As duas línguas são muito importantes para mim. E é um grande desafio falar e escrever bem português. Fico muito grato por ter tido esta oportunidade de dominar uma segunda língua, porque a minha fluência me deu acesso a um novo mundo – o mundo da cultura portuguesa (dos grandes escritores e músicos, por exemplo). Acho que sou uma pessoa diferente – e um escritor diferente – em cada idioma. Em inglês, por exemplo, consigo criar humor com mais facilidade. E sinto-me mais seguro. Quando estou a falar português, fico sempre com uma pequena dúvida se estou a empregar bem as palavras – se estou a falar de forma poética, envolvente e inteligente. Quando tenho de dizer algo que requer muita fluência – descrever uma emoção complexa, por exemplo –, preocupa-me sempre não estar a usar as palavras correctas. Em essência, falar inglês requer menos esforço.
A família Zarco tem sido uma presença regular na sua ficção, desde a estreia com “O Último Cabalista de Lisboa”. A que se deve tal opção? Este fio condutor que une várias obras já estava presente quando começou a escrever este último livro, ou a ideia surgiu de forma independente e a ligação foi estabelecida mais tarde?

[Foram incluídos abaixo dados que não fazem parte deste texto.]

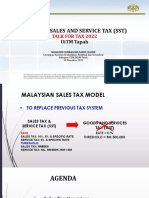 UiTM SST Talk 2022 - Slides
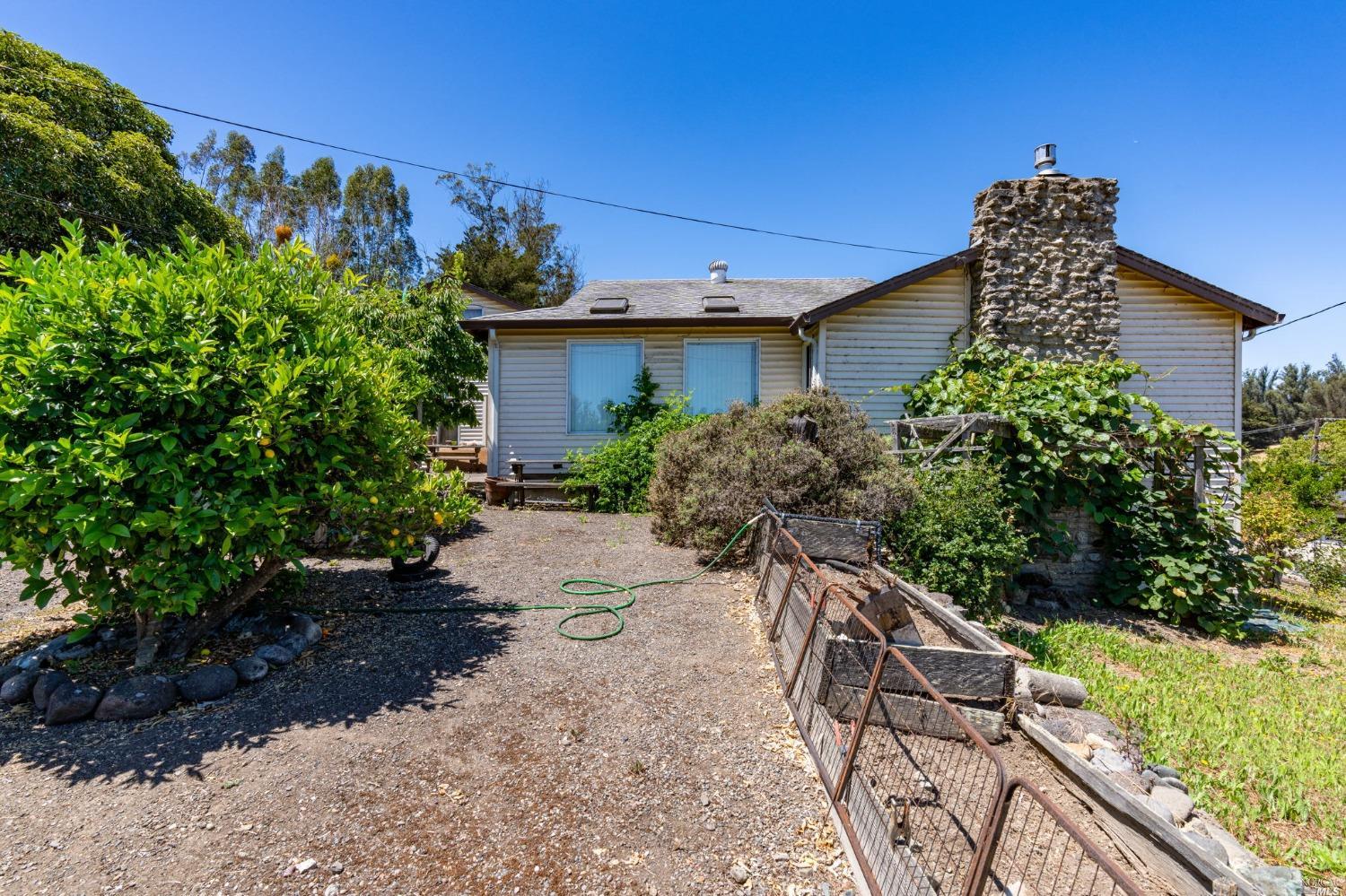 504 W Railroad Avenue Cotati CA 94931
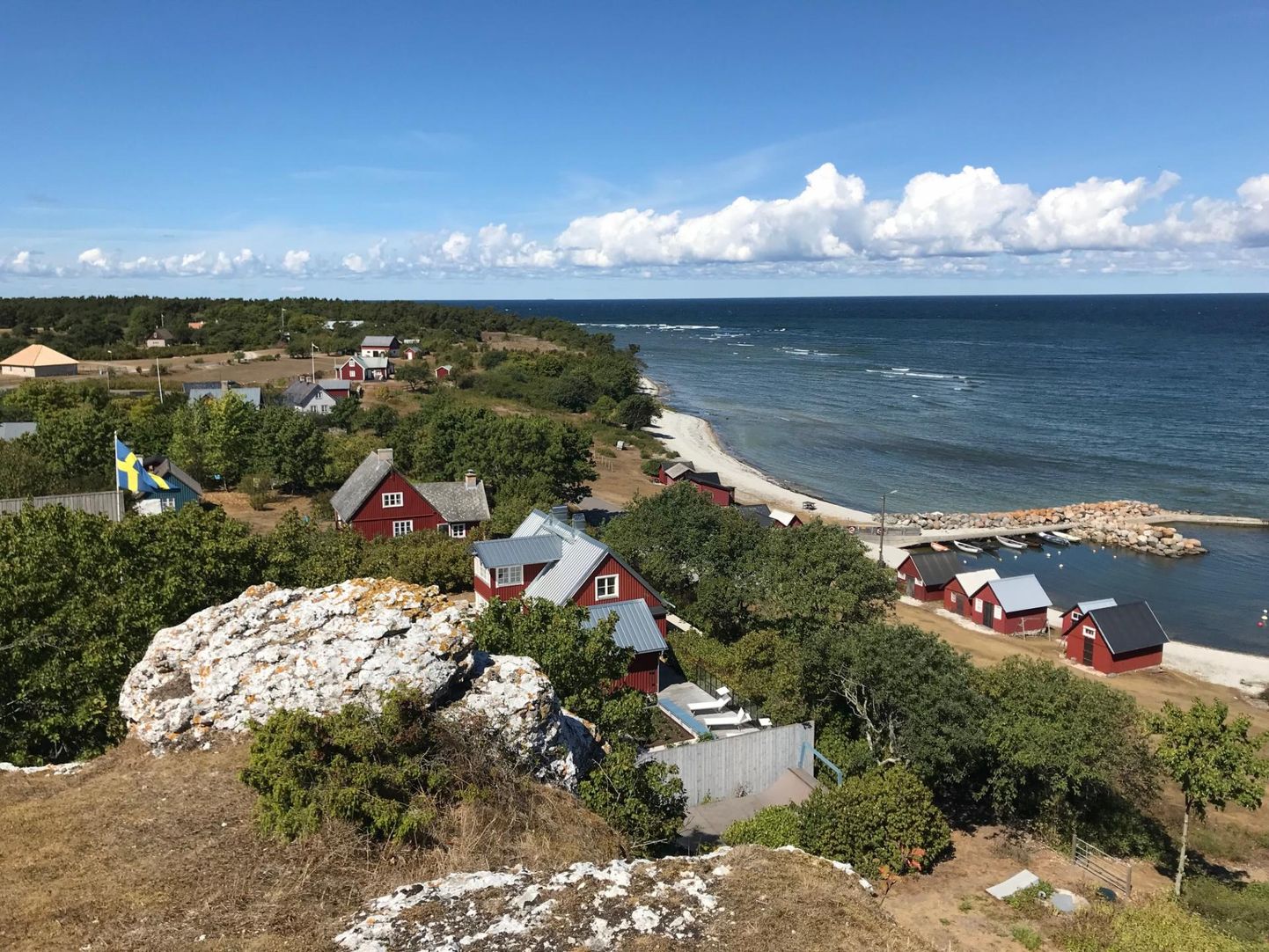 Gotlandi saar.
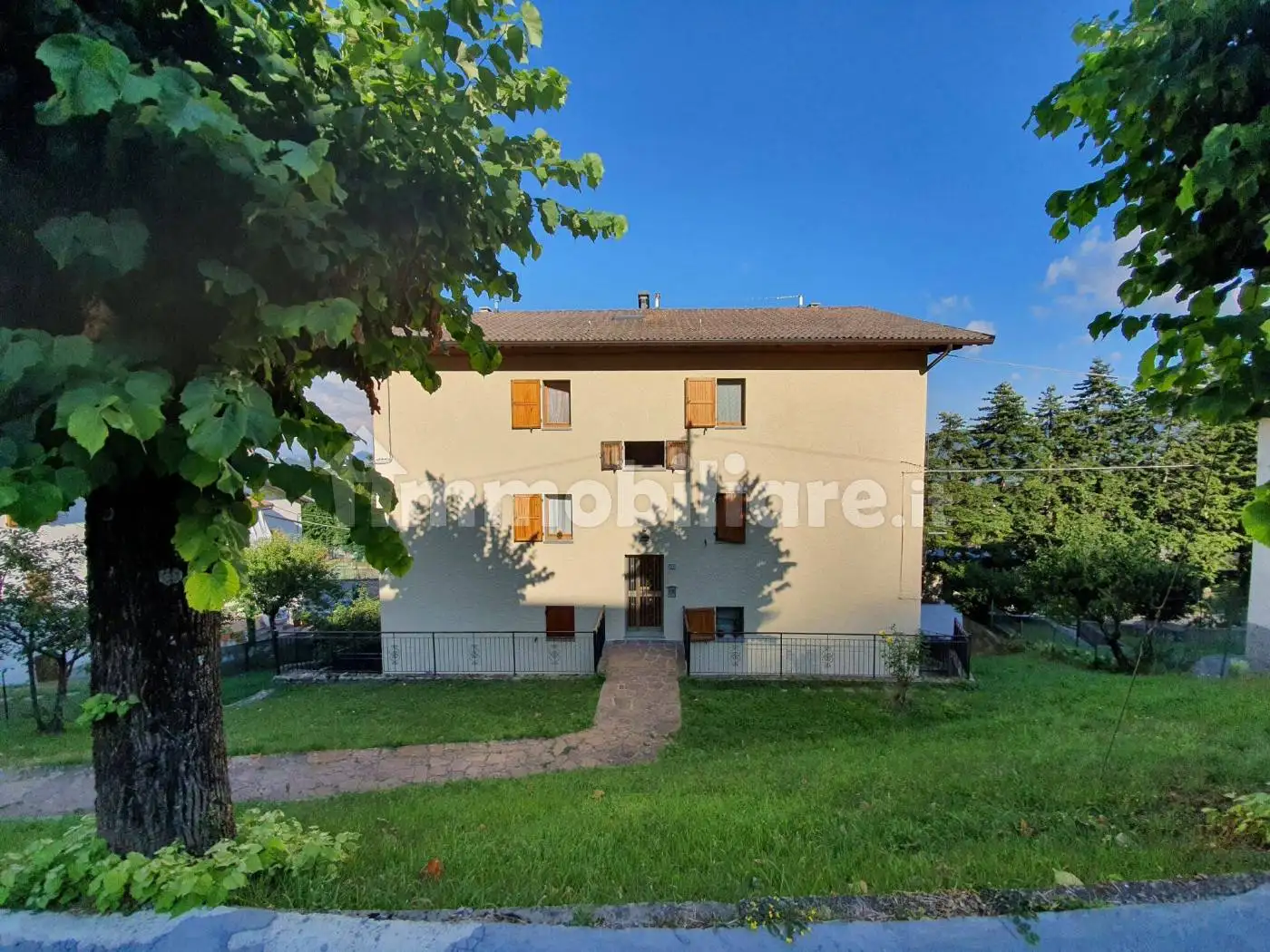 Appartamento in affitto a Sestola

Este romance mudou de direcção depois de eu escrever cerca de cinquenta páginas. Explico-me… Comecei a escrever um livro sobre um mágico que vive em Castelo Rodrigo e que vai viver para o Porto. Embora o que escrevi tenha sido bastante bom, parecia que o romance queria ser outra coisa – que Isaaque e os outros personagens queriam fazer parte de uma história diferente. Sei que pode soar estranho, mas foi o que aconteceu. Então, eliminei cerca de 40 das 50 páginas que tinha escrito e comecei de novo. Mais tarde, percebi que o romance queria ser a história de como a Inquisição afecta a vida de um menino que cresce em Castelo Rodrigo – e como isso afecta a sua aldeia e todo o país. Achei que seria emocionante e original escrever sobre a Inquisição do ponto de vista de um rapaz que não entende muito bem o mundo adulto – que não consegue entender, por exemplo, por que razão os vizinhos denunciam alguém por ser judeu. Não consegue nem entender o que significa ser judeu – nunca lhe foi explicado. Os dois volumes deste romance são o sexto e o sétimo livros daquilo a que chamo o meu Ciclo Sefardita. São romances independentes sobre diferentes ramos e gerações da família Zarco. Adoro este projecto porque me dá muitas oportunidades de criar ligações quase invisíveis entre os livros. E acho que os leitores também gostam disso. Assim, por exemplo, neste romance, há várias referências a Berequias Zarco, o narrador de “O Último Cabalista de Lisboa”. E um dos personagens – Samuel – possui um livro que foi iluminado por Berequias. Para mim, isso torna os romances ainda mais reais – porque todos sabemos que quem somos (onde crescemos, que profissão temos) foi, em parte, determinado pelas acções de nossos pais, avós e outros antepassados.